- _YOUR GOAL_: Restate word for word the entries below, starting with the line with "ネバーランド ワンルームの間取図画像" and continuing through the line with "Black V-Neck Beading". Include both of those lines and no others.

- _GIVEN RECORDS_:

►

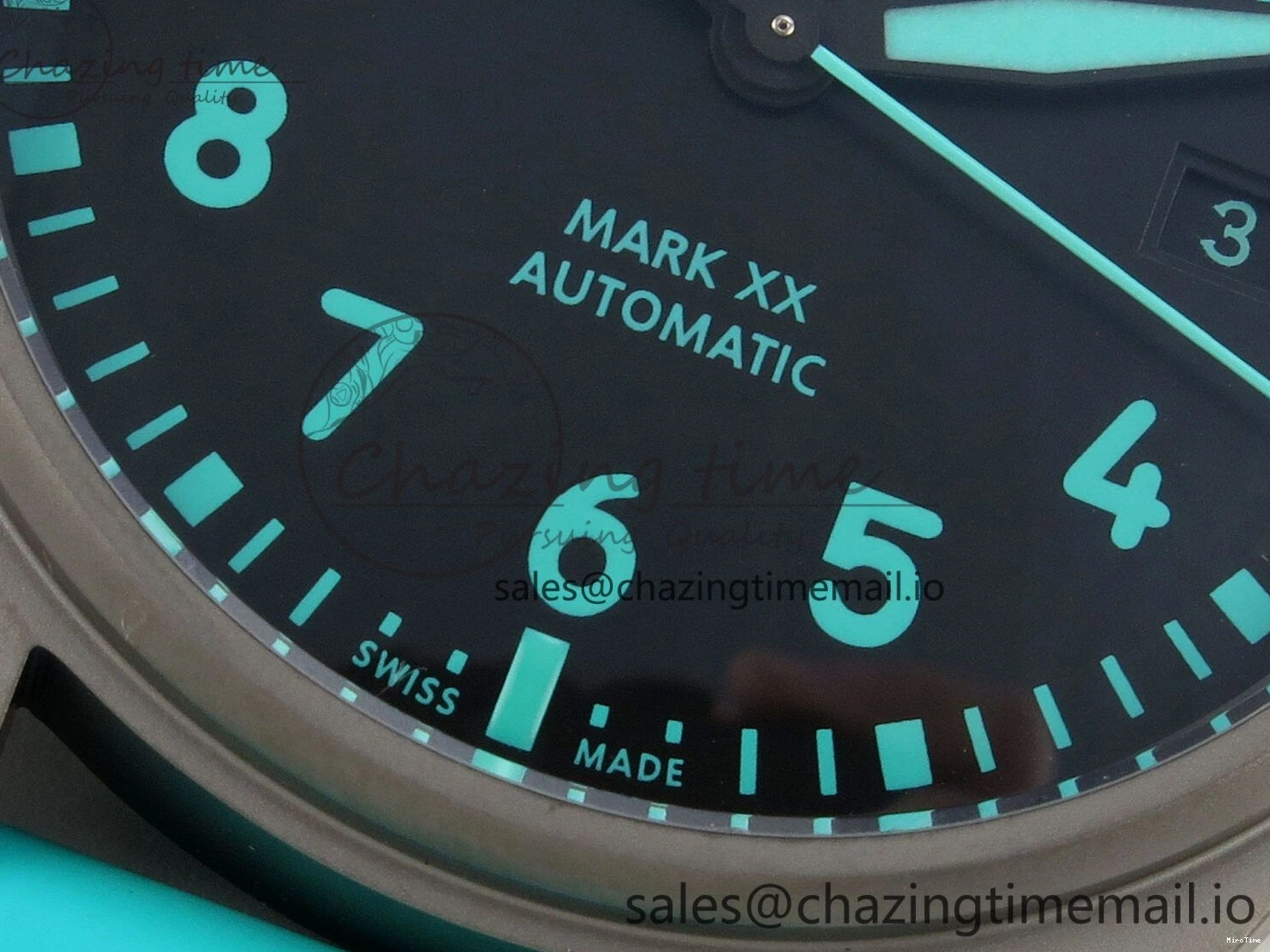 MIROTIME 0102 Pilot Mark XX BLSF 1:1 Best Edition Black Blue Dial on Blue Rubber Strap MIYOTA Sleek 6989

◄
►

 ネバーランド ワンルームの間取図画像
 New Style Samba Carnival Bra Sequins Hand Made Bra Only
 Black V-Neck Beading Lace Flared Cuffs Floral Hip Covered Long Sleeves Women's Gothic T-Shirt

◄

- _OUTPUT_:
 ネバーランド ワンルームの間取図画像
 New Style Samba Carnival Bra Sequins Hand Made Bra Only
 Black V-Neck Beading Lace Flared Cuffs Floral Hip Covered Long Sleeves Women's Gothic T-Shirt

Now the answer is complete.